** SUPPLIED MATERIAL follows **
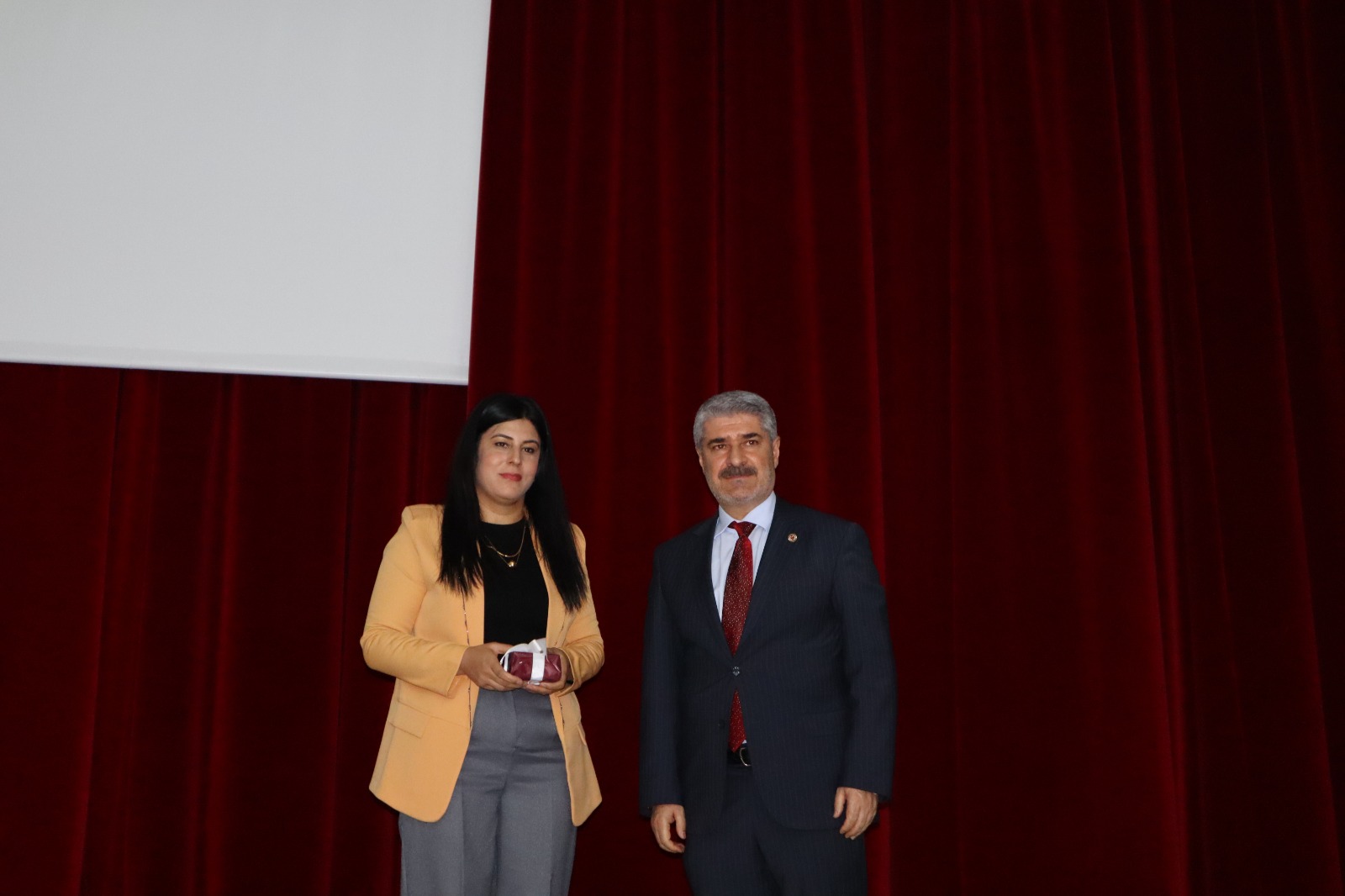 Besni̇ Öğretmneler Günü Etki̇nli̇ği̇2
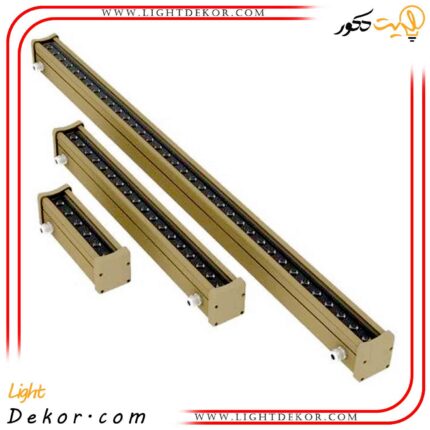 وال-واشر-10-وات-50-سانت-گلنور-مدل-آذرخش-4-پخش-نور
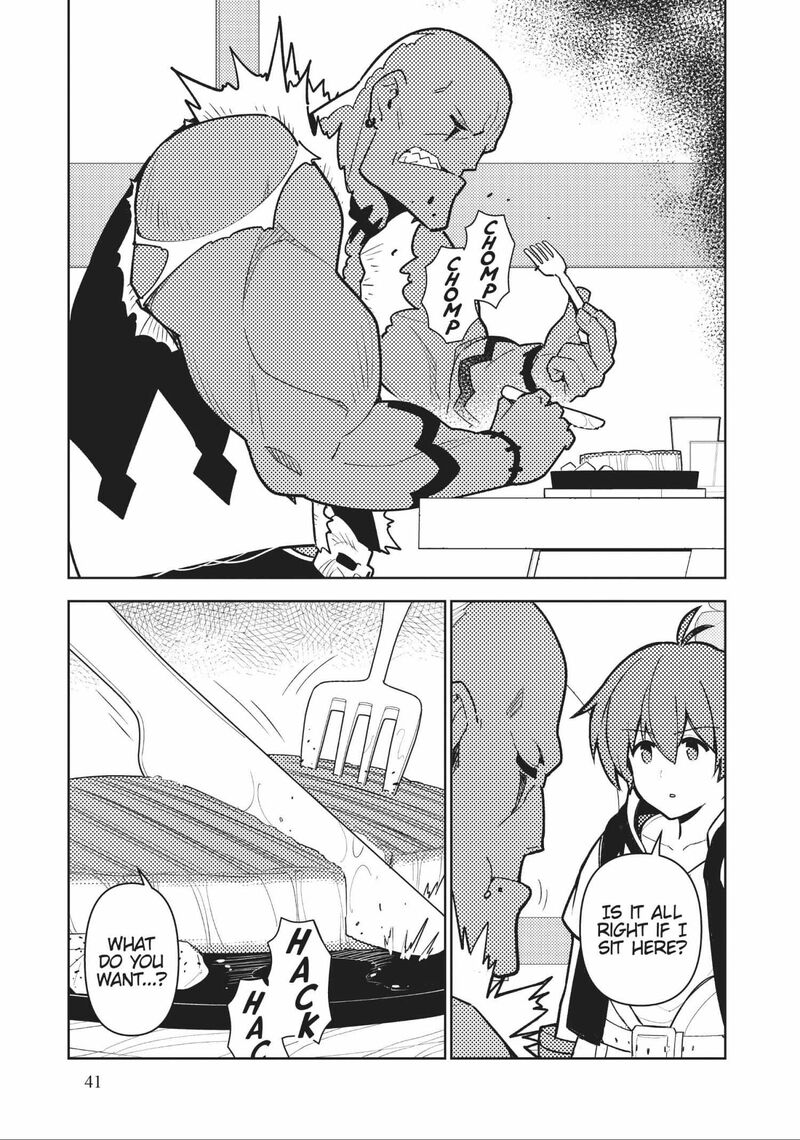 Ore Dake Haireru Kakushi Dungeon Kossori Kitaete Sekai Saikyou 89 7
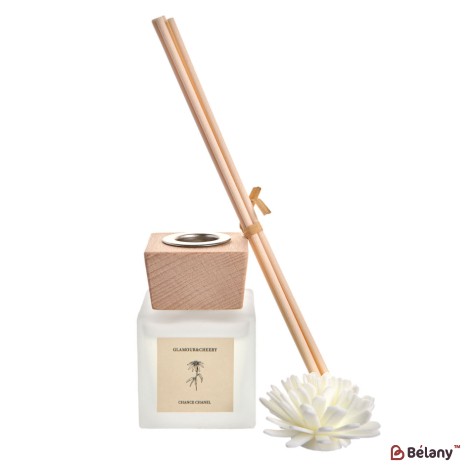 Difuzor de arome "Glam Small" Paris aroma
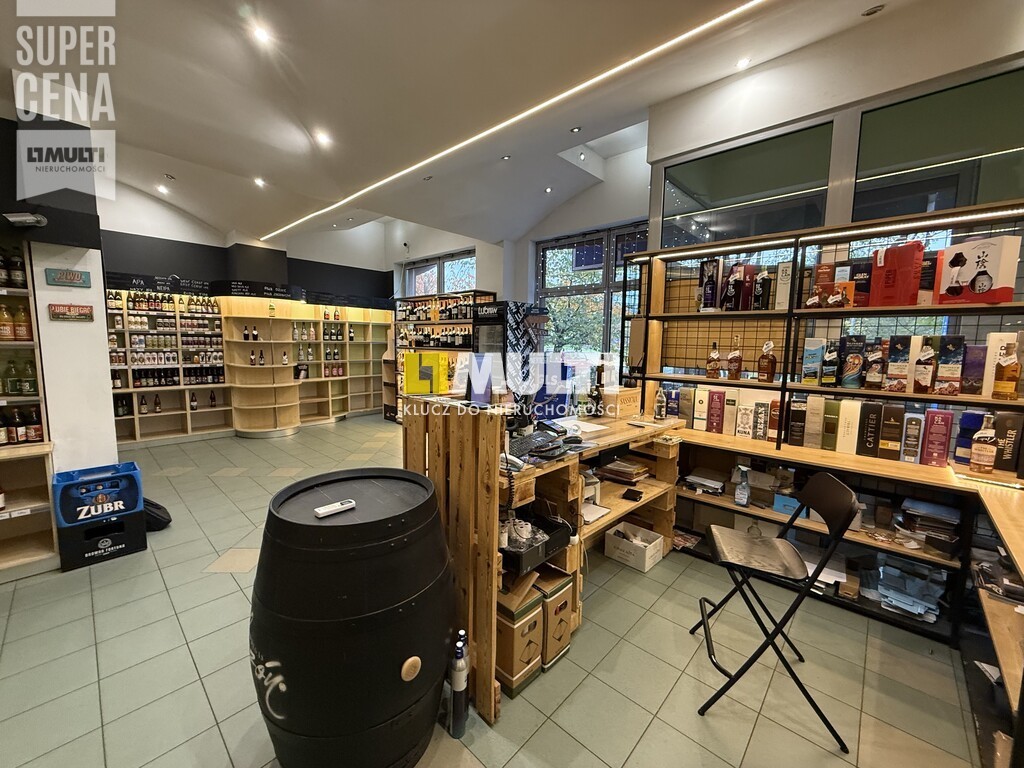 Lokal na wynajem 69,7 m² z klimatyzacją (5)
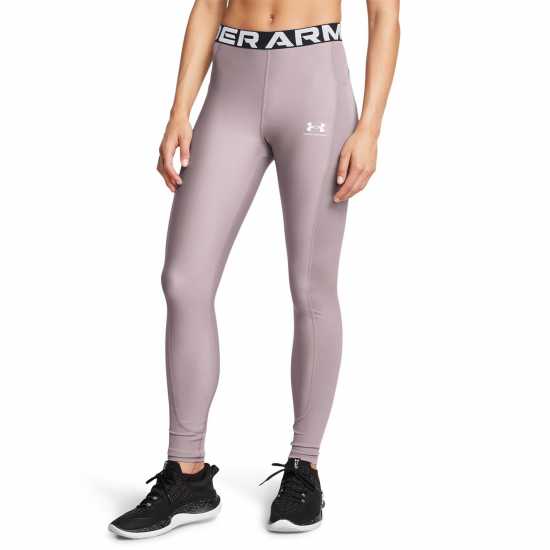 Дамски клинове за фитнес Under Armour Heatgear Leg Ld99 Under Armour Heatgear Leg Ld99 Дамски клинове за фитнес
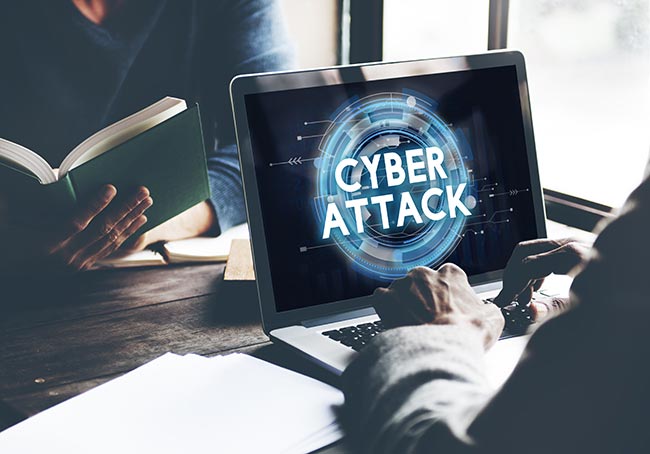 « La cybersécurité est un domaine qui me plaît vraiment »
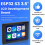 ESP32 S3 3.5Inch LCD Development Board 480x320 Display Capacitive Touch Screen Tablet/MP3 Video/Clock LVGL for ,A 2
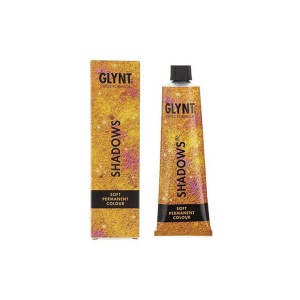 رنگ مو گلینت سری شدو | شماره 5.0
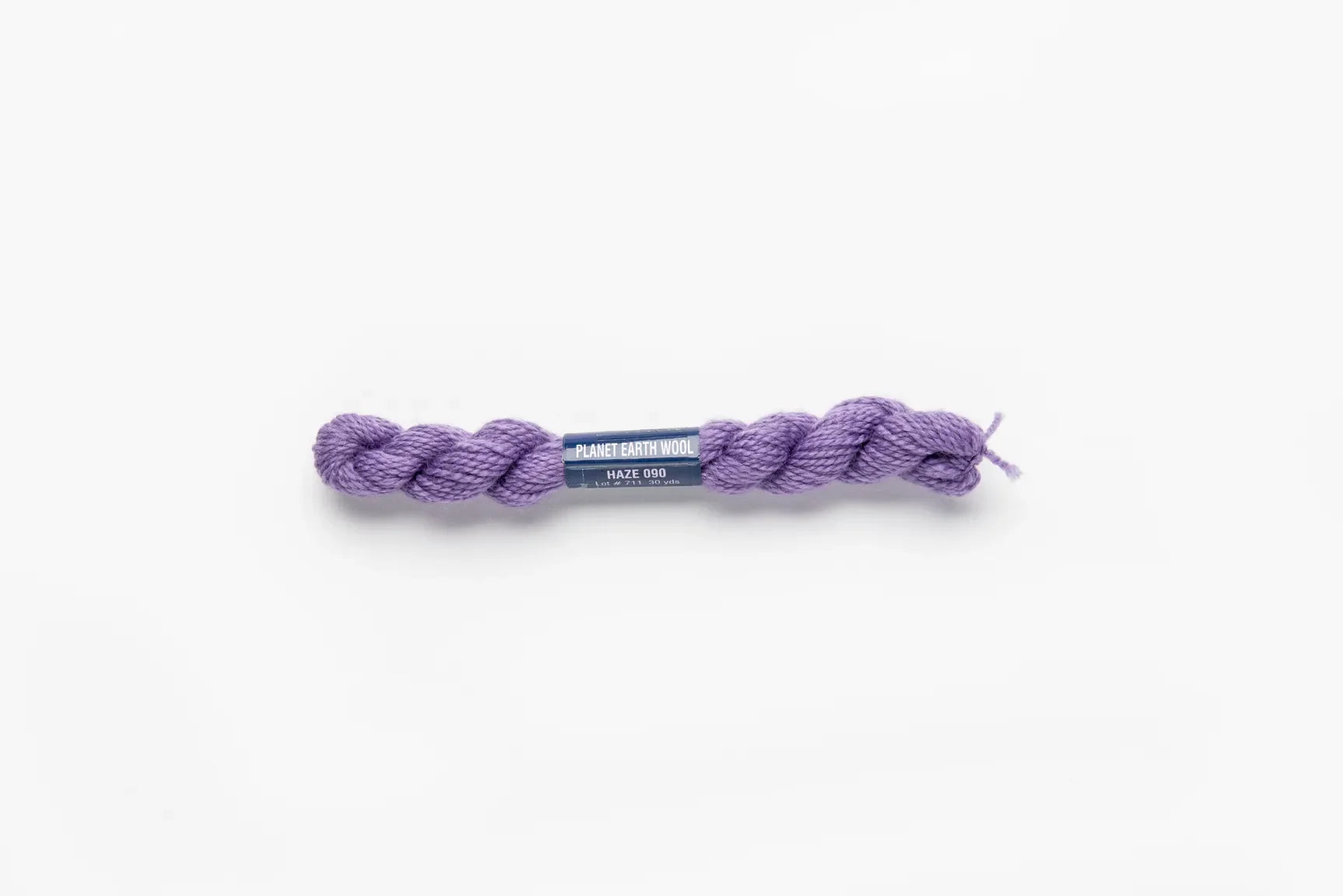 Planet Earth Wool by Tilli Tomas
** End of SUPPLIED MATERIAL **
▶ [ACTIVITY] Repeat only the lines from the line with "cybersécurité est un" to the end of the entries, including both the first and the last line, and drop every picture.

▶ [RESPONSE TO THIS EXERCISE]
 « La cybersécurité est un domaine qui me plaît vraiment »
 ESP32 S3 3.5Inch LCD Development Board 480x320 Display Capacitive Touch Screen Tablet/MP3 Video/Clock LVGL for ,A 2
 رنگ مو گلینت سری شدو | شماره 5.0
 Planet Earth Wool by Tilli Tomas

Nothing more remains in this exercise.